Anyway, before I glue anything, here's two photos of where I'm at. Your opinions Ron? The first on the left is the way I had it working with cuts as they are. I also took the trap arm off and swung the trap around the way you suggested in the second photo on the right (probably the right way to do this?). As you might be able to see, it doesn't allow much room (not any really) for the trap arm to meet up with the drainage system (there is maybe an inch of open space between those two holes there back to front). If I cut the trap arm down to JUST BARELY a curve I could make it fit, I'm guessing. 

How would you proceed? Oh, and since I'm close, how fast does PVC glue dry? I plan to glue the whole crazy apparatus together outside of the sink, then just glue the final drainage piece in when it's all said and done.

Photos ahead...And THANKS!!! I bet you missed me today. Hahah.

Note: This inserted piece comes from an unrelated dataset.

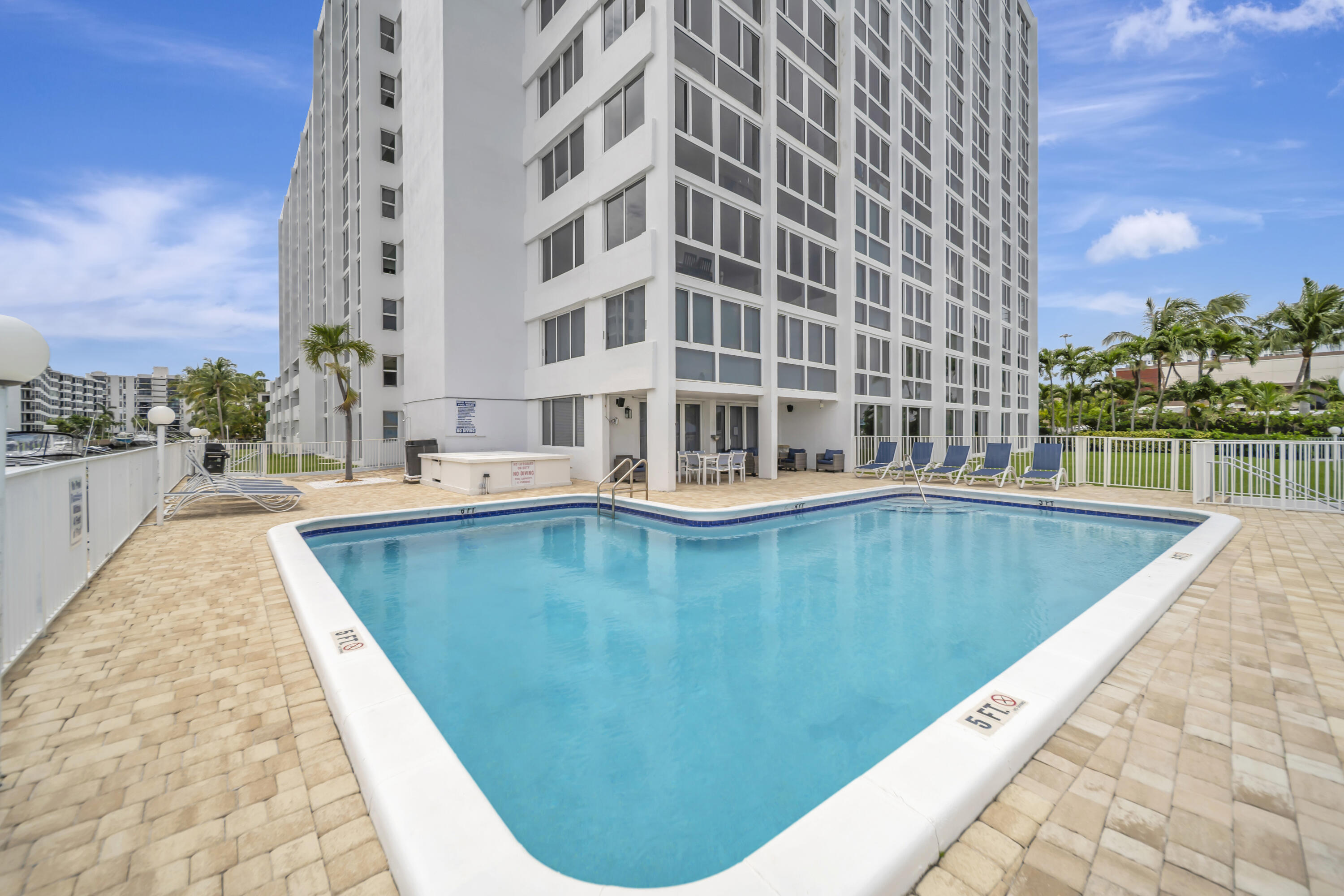 3100 NE 49 #403, Fort Lauderdale FL 33308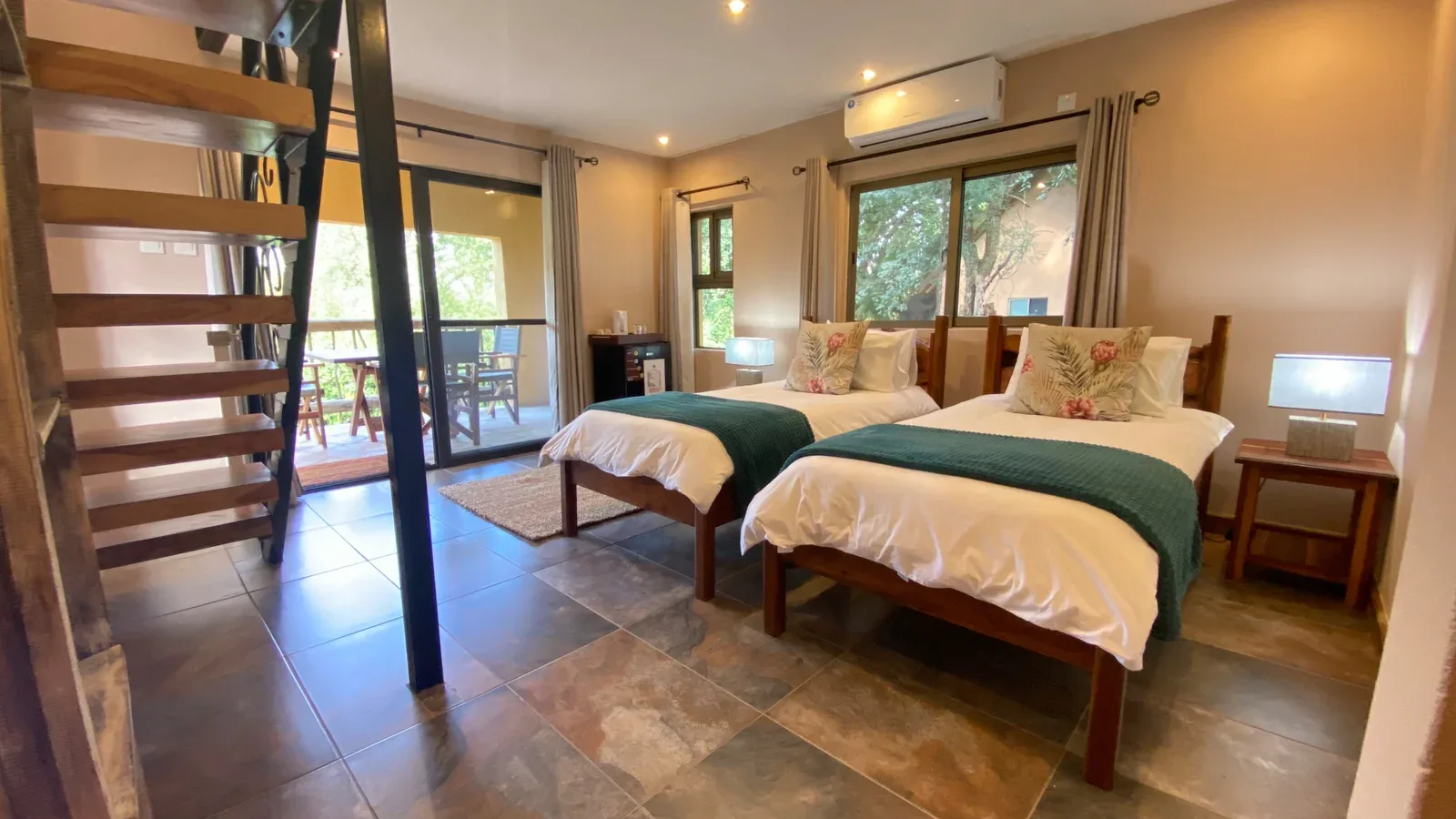Air-conditioned twin room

Eagerly awaiting your advice as always...


----------



## Ron The Plumber (Jun 7, 2006)

You can use that flex tailpiece if you like, there not code approved, reason is for it has ridges, these will collect scum and hair over time. Trap it around the backside is ok, slow drain mean the line is getting clogged up, and needs to be cleaned out. 

Other then that looks good. :thumbsup:


----------



## redline (Mar 5, 2006)

If you do not have the 45 degree fittings glued then you may be able to rotate them to the other side of the drain and see if you can get a better alignment to the sink drain.

The glue drys fast. Usually less than a minute.

You may want to put marks on the fittings/pipe before you glue them so that you get the correct location.

Is this bathroom on the seccond floor or the first floor?

Do you have access to the drain line after it goes below this floor?

When you hit the old drain with the sledge hammer it may have damaged the fittings/drain line further down the line. You may want to keep on eye out for leaks further down. A hacksaw or pvc cutter would work better next time. All part of learning.:thumbup: 

looks good so far.


----------



## BDPNA (Nov 27, 2006)

Hey Ron, Hey Redline!

The bathroom is on the lower level of the house, first floor. There is no basement so it basically goes right down into the sewage system under the vanity. I've replaced every pipe all the way to the floor so I think I did the best I could, though if you guys think putting some liquid plumber down there first would help I can do that.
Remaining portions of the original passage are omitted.